SM21A-2466
Kinetic Alfvén Waves in the Inner Magnetosphere Triggered by an Interplanetary Shock
Tuesday, 15 December 2015
Poster Hall (Moscone South)
David Malaspina1, Seth G Claudepierre2, Kazue Takahashi3, Allison N Jaynes4, Scot Richard Elkington1, Robert Ergun1, John R Wygant5, Geoffrey D Reeves6 and Craig Kletzing7, (1)University of Colorado, Boulder, Laboratory for Atmospheric and Space Physics, Boulder, CO, United States, (2)Aerospace Corporation, Los Angeles, CA, United States, (3)Johns Hopkins University, Applied Physics Laboratory, Laurel, MD, United States, (4)University of Colorado at Boulder, LASP, Boulder, CO, United States, (5)University of Minnesota, School of Physics and Astronomy, Minneapolis, MN, United States, (6)Los Alamos National Laboratory, Los Alamos, NM, United States, (7)University of Iowa, Physics and Astronomy, Iowa City, IA, United States
Abstract:
An interplanetary shock impacted Earth's magnetic field on October 2, 2013, compressing the magnetosphere and triggering a global 3.5 mHz oscillation.

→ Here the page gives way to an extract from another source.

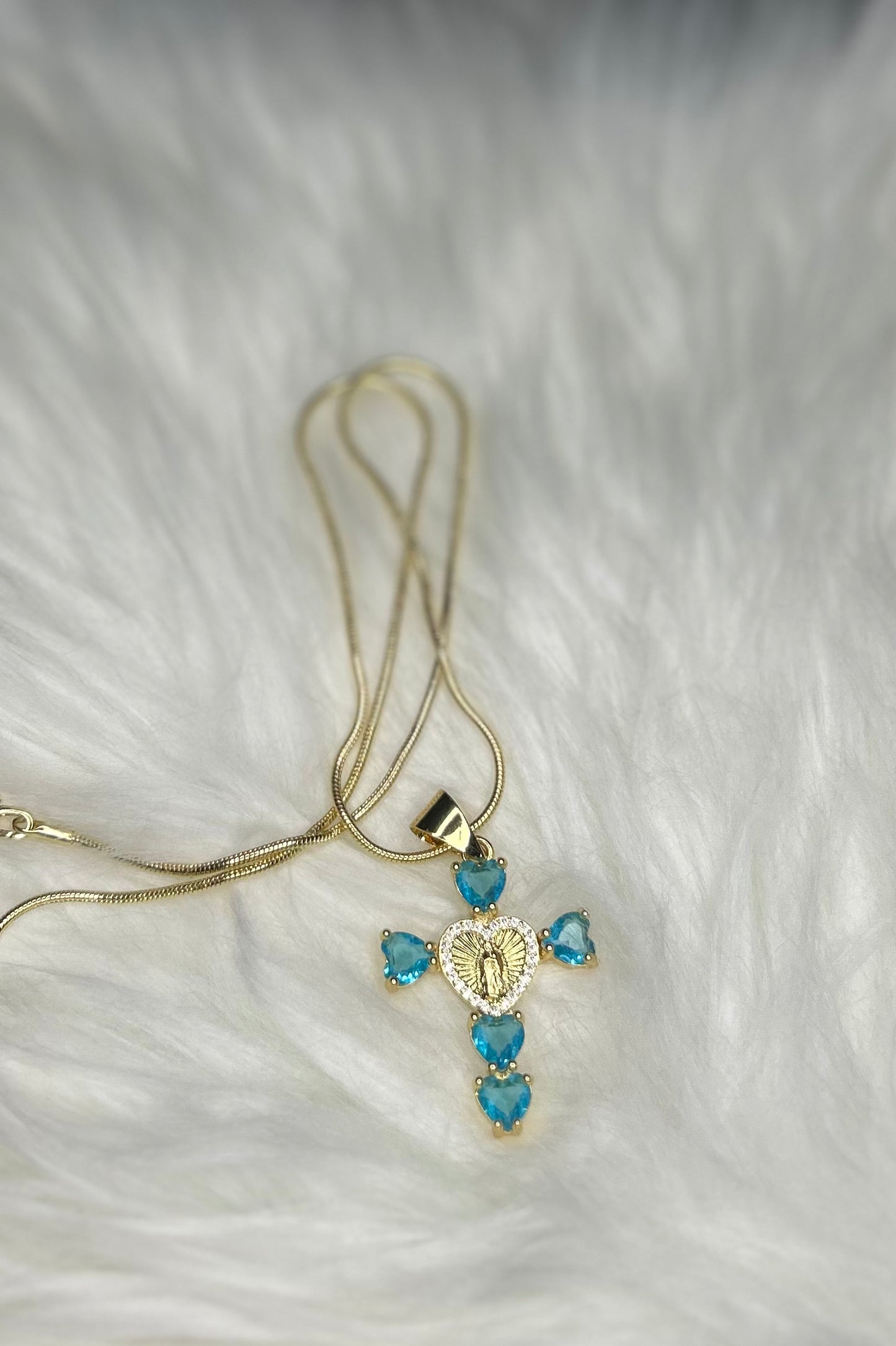 Teal heart cross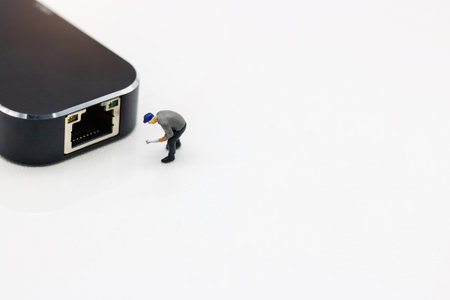 Miniature people: Worker fixing LAN port. Concept of network troubleshoot supporter or maintenance.の写真素材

This large-amplitude ULF (ultra low frequency) wave was observed in-situ, using both magnetic and electric field data, by the Van Allen Probe B spacecraft. At the same time, Van Allen Probe B observed higher frequency broadband wave power in conjunction with, and modulated by, this ULF wave. A detailed analysis reveals that these broadband waves are kinetic Alfvén waves, possibly generated by large-scale Alfvénic fluctuations coupling to smaller scales. This event suggests that magnetospheric compression by interplanetary shocks can induce abrupt generation of kinetic Alfvén waves over large portions of the inner magnetosphere, potentially resulting in prompt ion heating throughout the inner magnetosphere.